The truth? It felt uncomfortable. Sinking into the now felt strange and new to me, only because I spend a large part of my time either glued to the past or galloping toward some question in the future. It is a disconcerting to live this way because there is no benefit in trying to think about what can’t be changed in the past or attempting to look into that imaginary magic eight ball to predict what may happen in the future. I realize how counterproductive my own thoughts lends to this constantly jockeying back and forth from one distracted thought to the next. This is a truth about my own personality that I am trying to change, but I suspect I default back to what I know because actually inhaling the present might lead to a place I might not be ready to embrace.
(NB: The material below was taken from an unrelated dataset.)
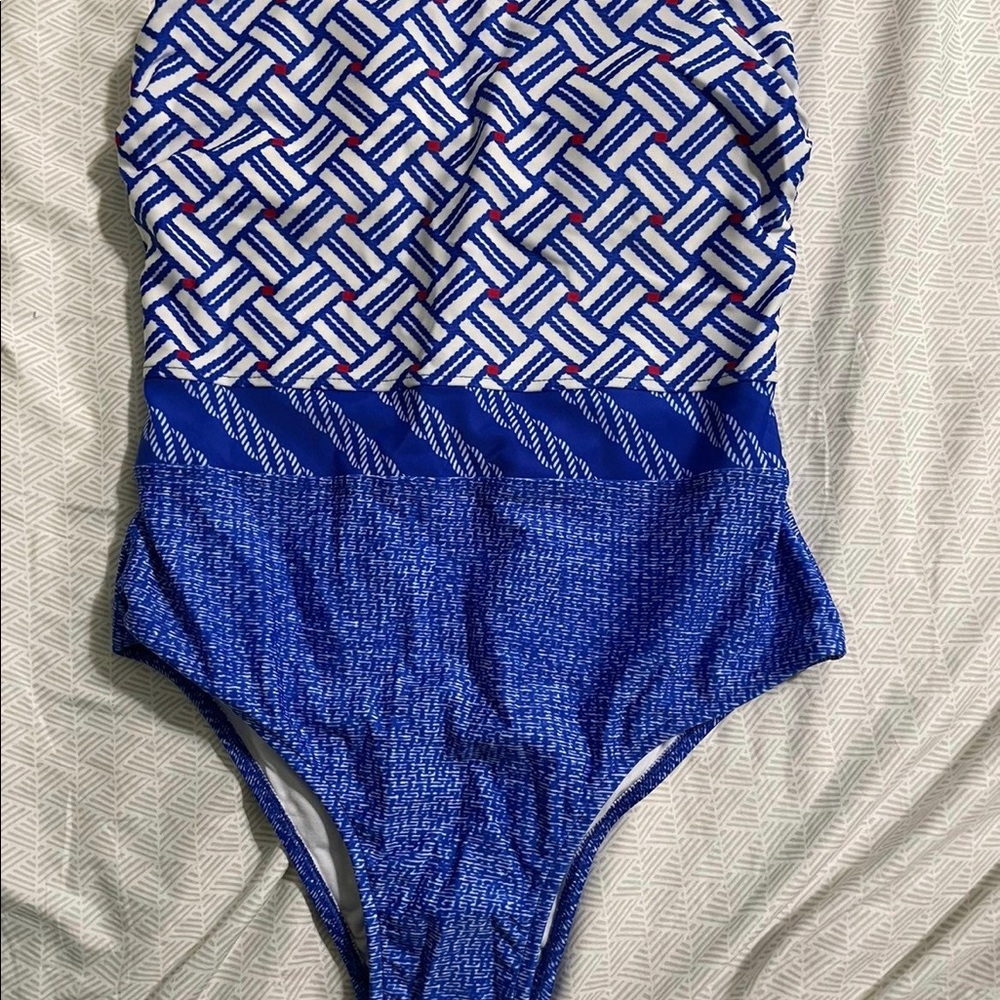 One Piece Swimsuit NWT SIZE 6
In the very instant, sitting in the middle of everything, I felt the magic of inhaling the present knowing that is the only moment that I have firmly in my grasp. Seconds that occurred before or ones that happen in the future fall away when you realize the absolute urgency to live in the vessel of the present moment.
When I rounded the final set of steps to the top, one epiphany hit me.
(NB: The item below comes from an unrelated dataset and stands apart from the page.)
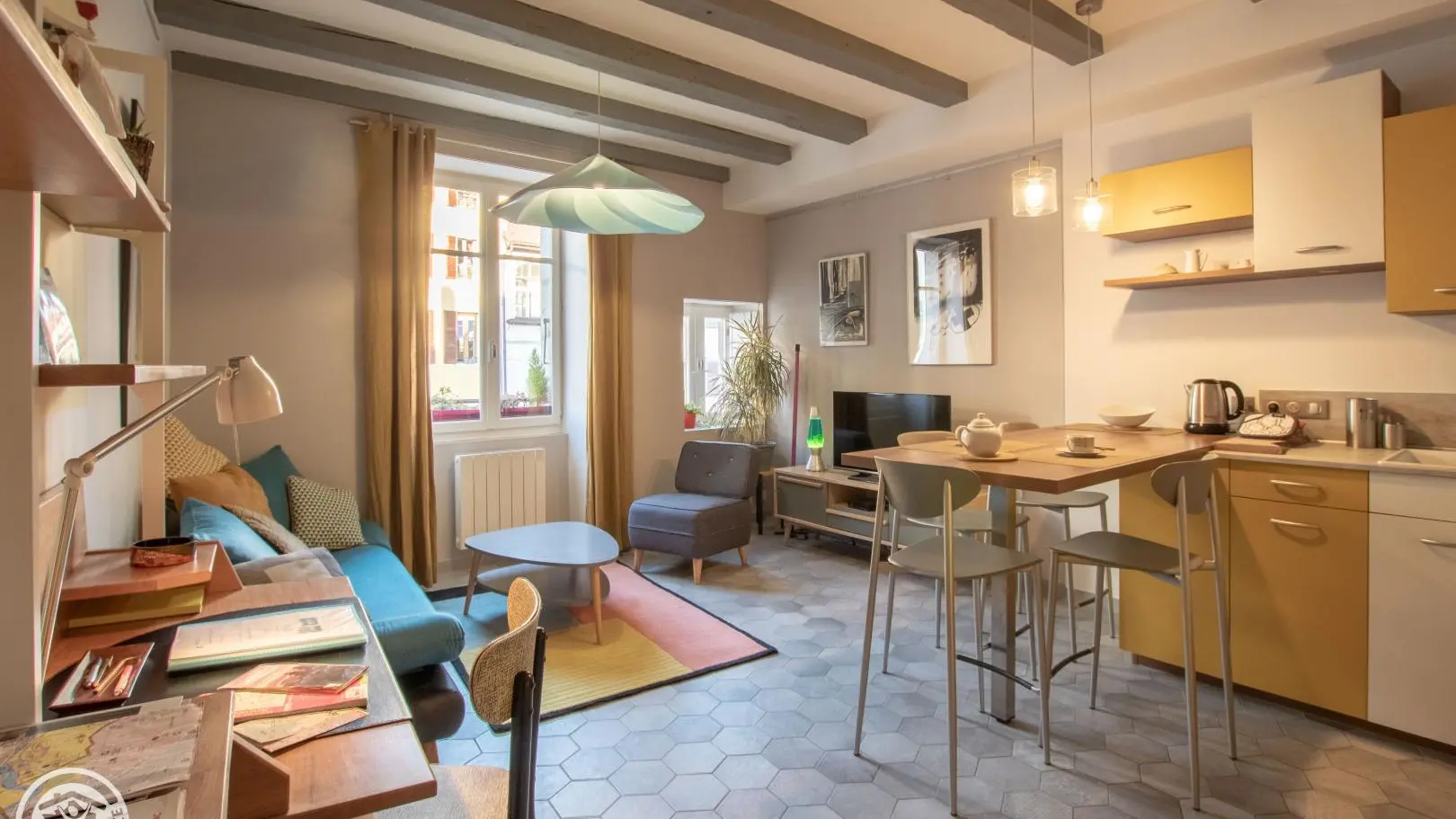 La pièce à vivre de 20 m2 et ses couleurs chatoyantes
I must trust what I cannot see.
First of all, I love Grouse Mountain!
Second of all, this reminds me slightly of an experience I have every summer. At the beach house in Cape Cod, there is a nearby private beach with the steepest dunes you can imagine. Since it’s private and wild, no one will ever build stairs in. Nope. You can to climb up and down, armed with children and beach gear. It’s nearly vertical in its slopes.
I dread it every time, even though it’s only a few minutes of my life. And when you get to the top, the view is exquisite!
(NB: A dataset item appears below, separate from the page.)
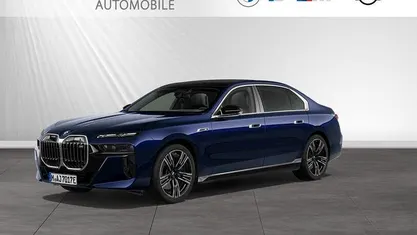 Gebraucht BMW M760e Executive 571 PS (419 kW) 2025 Limousine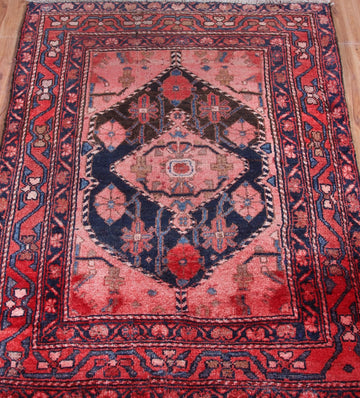 Nahavand Persian Rug,104 x 138 cm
Those sand dunes sound challenging, but rewarding when you reach the top. I am glad you visited Grouse Mountain. I loved the view on the way down via the sky ride.
Rudri, sounds like a wonderful adventure and yes you must trust what you can’t see. We can’t control many things so we have to trust that it will work itself out. xoxo
Yes, Ayala. Sage advice. Sometimes when we are in the middle of the process we need to keep our head above the uncertainty and take comfort in knowing we are closer to some kind of resolution.
Rudri, thanks for the inspiration this morning! What a lovely, well-developed post!
Thanks, Luanne. Glad you enjoyed my reflection. I had a long time to mull it over as I climbed the mountain.
On our summer vacation, we also hiked a staircase through the woods and up a mountain with beautiful views. Our grandsons were along, so some of us took an easier climb than others. Our son said our daughter-in-law ran up and down some very steep steps 12 times. She enjoys a good workout (they went the full distance).
My pace was slower because I was always stopping to take pictures. Then I would have to run to catch up. I often found my family waiting once they realized I was no longer in step with them.
I have been writing about learning to be in the present in a couple of my recent posts. I like how you tied it to your hike.
Thanks, Robin. I like the idea of taking pictures as you hiked. It allows you to center on a particular moment during your hike. When you flip through to the pictures at a later date, you can reflect on your feelings as you took the snapshot.
I enjoy hiking and nature most when I proceed at my own pace…that is when nature speaks to me. If I am hurried or lost in the past or the future, the enjoyment is lost for me.
Hikes are so ripe for reflection. You are pushed to consider what is in front of you. In that sense, they are great place for seeking refuge in your own thoughts.
I relate to this line SO much– too much– “only because I spend a large part of my time either glued to the past or galloping toward some question in the future.”
Thanks, Nina. I appreciate your kind words. So glad that the post resonated with you.
Beautiful words Rudri! Truly remarkable how true that is – it’s astounding how scary the unknown is yet we must learn to trust it and depend on it to provide us with results we hope we’ll approve of. I’m a dreamer so the unknown I can easily turn into a movie that continuously plays repeatedly in my mind until I realize I need to zap back into the present and take baby steps to make those dreams a moderate reality. Still a work in progress. 🙂 Hope you enjoyed the tedious process and have a great one Rudri! -Iva
Baby steps are an important part of the process. Thanks for your insight, Iva.
Lovely share, I was going to tweet it but didn’t find share button.
Thanks, Mari for your words. I hope to add a tweet button soon. Good suggestion.